Well before WW2, the RAF realised that the increasing speeds and toughness of aircraft would call for something more powerful than the .303 MG. Extensive tests in the 1920s of Browning and Vickers .50 calibre HMGs and of the Oerlikon Type S 20mm cannon had provided important information about effectiveness. At that time, a battery of .303s was chosen as the best option (contemporary aircraft being lightly built and unarmoured), but by the mid-1930s it was recognised that a bigger gun was needed. The .50 HMGs were rejected as "neither fish nor fowl" as they were much heavier and slower firing than the .303s, but did not have the benefit of an effective HE shell, and the RAF decided to look for a 20mm cannon. In 1936 RAF staff witnessed a demonstration of the prototype of the French Hispano-Suiza HS.404 in Paris, and thereafter entirely focused their attention on this weapon.
Much effort was made to get the Hispano cannon into service. An ACAS report in November 1938 stated that "recent firing trials against armoured and unarmoured aeroplanes have convinced me that a more powerful weapon than the .303 must be introduced into service as soon as possible; this factor is so important that the policy for development and production must be laid down at once....The 20mm calibre is the minimum which can be accepted....The Hispano gun should be regarded as the immediate step forward...every effort should be made to ensure rapid production." Interest was also expressed in developing a gun of at least 37mm calibre in the longer term, capable of bringing down an aircraft with one hit.
Despite the high priority given to the Hispano, the problems associated with acquiring manufacturing rights, redesigning the gun to imperial rather than metric measurements, setting up a factory and debugging the weapons, delayed the Hispano's general introduction into service until after the Battle was over.
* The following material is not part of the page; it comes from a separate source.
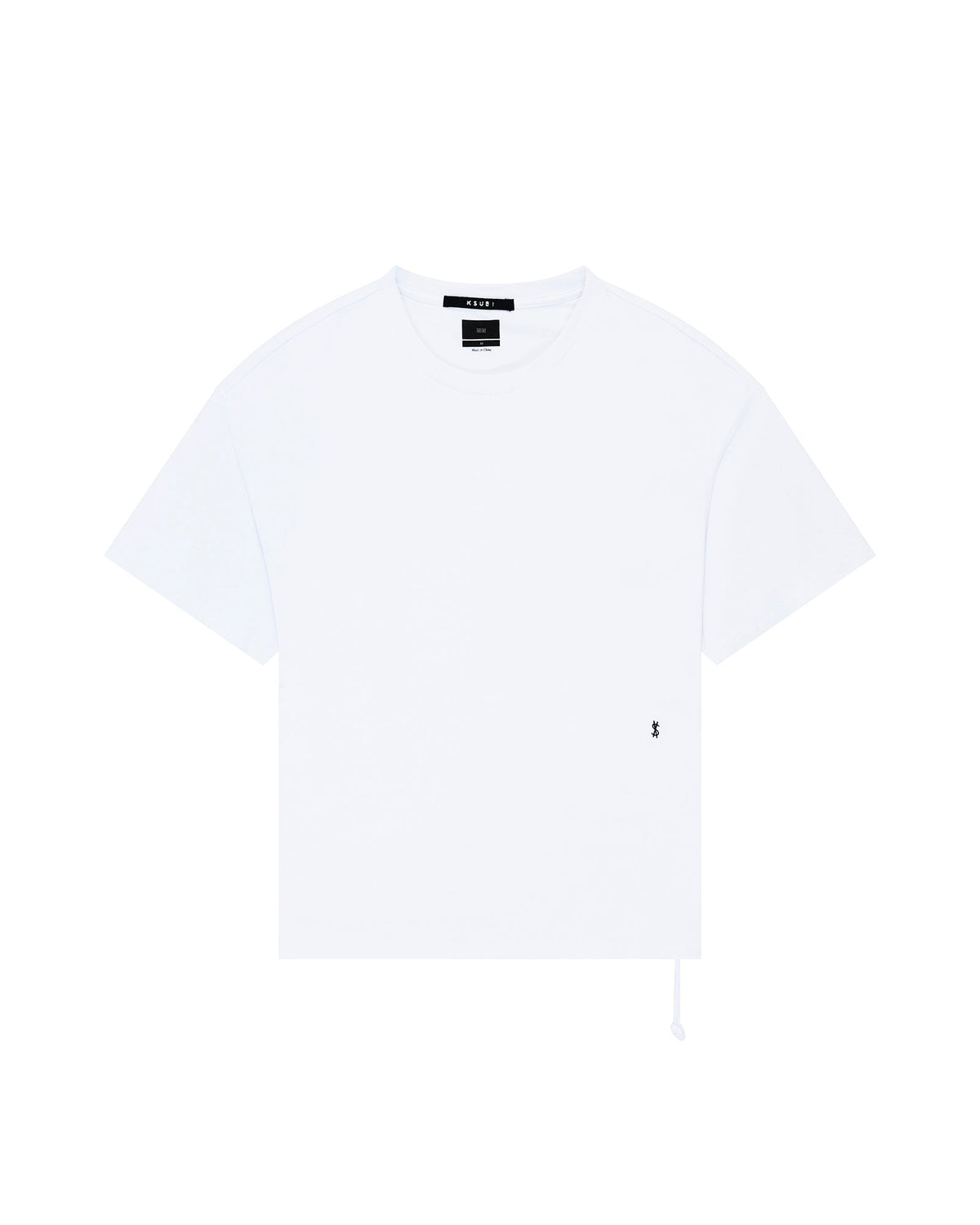 Mens 4x4 Paise Biggie Ss Tee White Black Regular Tees - White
However, one squadron (No.19) of Spitfire Mk 1B fighters, each armed with two Hispanos, was thrown into battle in June 1940. The results were disastrous; the gun did not respond well either to being mounted on its side (done to bury the top-mounted drum magazine within the thin wing) or to being installed in a flexible wing instead of to the rigid engine block it was designed for. Reliability was so poor that the squadron asked for its .303-armed Spitfires back. Later on, the Hispano would be fully debugged and became arguably the best fighter gun of the war, but it was too late when it was needed most!